In September 2012, the Supreme Court declined to admit a review petition challenging the verdict.

=== Implementation issues and case law ===
There is a growing body of case law surrounding RTE implementation across various states. In May 2016, for instance, Maharishi Vidya Mandir, a CBSE-affiliated school in Chetpet, Tamil Nadu, was accused of deliberately bypassing the 25% quota provision. Reports alleged that school authorities rejected applications from economically weaker families, claimed that the RTE Act "does not exist," and disqualified candidates based on lack of email addresses or falsified distance criteria to avoid compliance.

In 2017, a public interest litigation was filed in the High Courts of Andhra Pradesh and Telangana, seeking effective implementation of the 25% quota provision.
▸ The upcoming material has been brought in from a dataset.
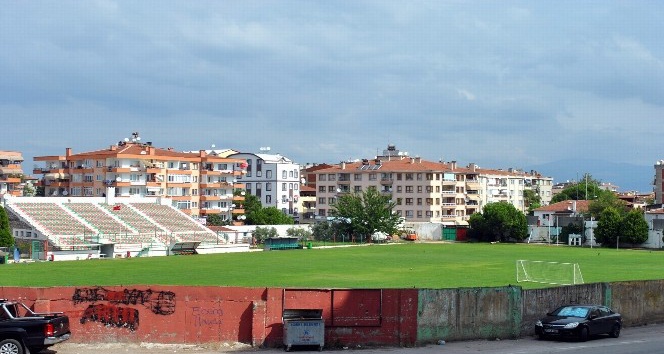 Mudanyaspor’a kendi stadının kapıları kapandı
The courts directed both state governments to take necessary action to ensure compliance.

=== Barriers for orphans and documentation requirements ===
Although the RTE Act allows for the admission of children without documentation, several states have continued to insist on proof such as income certificates, caste certificates, BPL cards, and birth certificates. These procedural requirements often pose barriers for orphaned children, who may be unable to furnish such documents despite being eligible under the Act.